Лекс попросил задержаться возле такого орнамента. Изображения свастики и звезды будили воспоминания из прошлой жизни, а в сочетании с мечом это выглядело, как в театре военной пропаганды, и вызывало тревогу…
— Интересно, — Сканд задрал голову и рассматривал орнамент из повторяющихся фигур, — звезда, похоже, вписалась в нашу семью и стала ее частью. Я не против, ты очень красиво смотришься с младенцем на руках. Надо будет заказать камнерезам статую с этим изображением. Сделать большую статую для украшения дома, и еще маленькую, чтобы я брал ее в поход.
— Какой поход? — заволновался Лекс, — разве намечается какая-то война?
— Армия должна воевать, — Сканд пожал плечами, — какой смысл держать ее дома? Вот выплатят людям до конца все деньги после Теланири и пиратов, вояки их пропьют и прогуляют и начнут ныть, что им скучно. А где скука, там и падение дисциплины, и сразу драки и беспорядки. А когда армия на марше, то все собраны и сосредоточены на предстоящей цели. Так что, рано или поздно, но для нас найдется дорога и неприятель в конце пути.
Сканд скомандовал отправляться дальше, а Лекс задумался о будущем. Неужели нельзя найти мирное применение такому количеству людей? Тем более, что скоро начнется стройка, границы города будут расширяться, потребуются сильные мужские руки… надо поговорить с Кирелем…
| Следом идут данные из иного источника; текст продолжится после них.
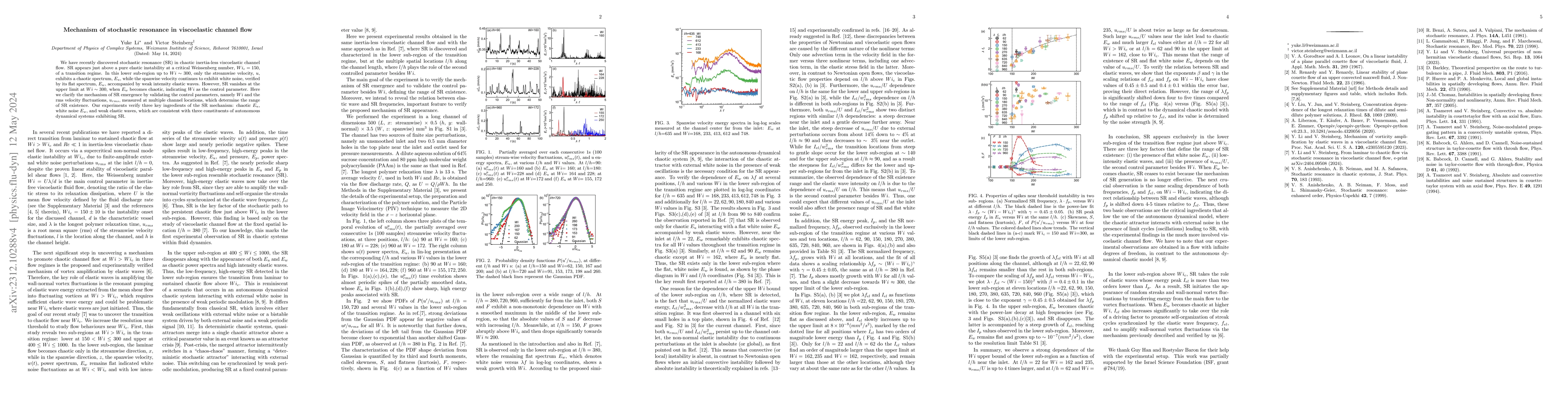 Thumbnail for Mechanism of stochastic resonance in viscoelastic channel flow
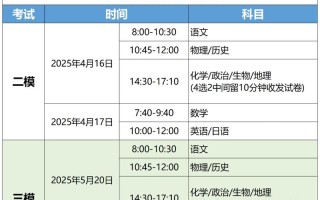 山西2025年艺考何时开始？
На улицах продолжалась праздничная суета. Но сегодня горожане торопились занять места в Колизее. На подходах к Колизею появились «живые афишки». Молодые парни стояли на тумбах и с выражением и вычурными позами рассказывали о предстоящих выступлениях. Сегодня вместо добровольной жертвы на арене Колизея будет проведена казнь преступников. Ораторы вдохновенно вещали, кто именно и за какие злодеяния будет сегодня умерщвлен, и каким именно способом. Там было и затаптывание насмерть грузовыми ящерами и разрывание на куски ездовыми. И, конечно, травля боевыми.
Во второй части представления выступали пираты. «Афишки» взмахивали руками в экстазе и закатывали глаза, рассказывая, при каких условиях пираты попали в плен. Они со вкусом перечисляли всех плененных пиратов поименно, особо красочно расписывая их кровожадные подвиги и ужасную славу. Они твердили один и тот же заученный текст и выглядели, как голографическая запись с одной новостью, запущенной по кругу. С той лишь разницей, что стоило рядом с афишкой появиться в этот момент Сканду, как оратор прерывал выступление и, вытянув руки к генералу, начинал вещать здравицу «верному мечу империи, непобедимому и могучему Сканду и его прекрасному супругу!», но стоило паланкину с Лексом и ребенком продвинуться дальше, как оратор начинал свое выступление с оборванной ранее фразы о предстоящем событии в Колизее.
Кроме этого, в обязательном порядке перечислялось, сколько и чего выставляла каждая из городских гильдий для угощения зрителей в Колизее. Поскольку зрелища для народа проводились с утра и до наступления вечерних сумерек, то список рыбы, мяса, лепешек, фруктов, вина и пива был внушительным и занимал значительное время при перечислении.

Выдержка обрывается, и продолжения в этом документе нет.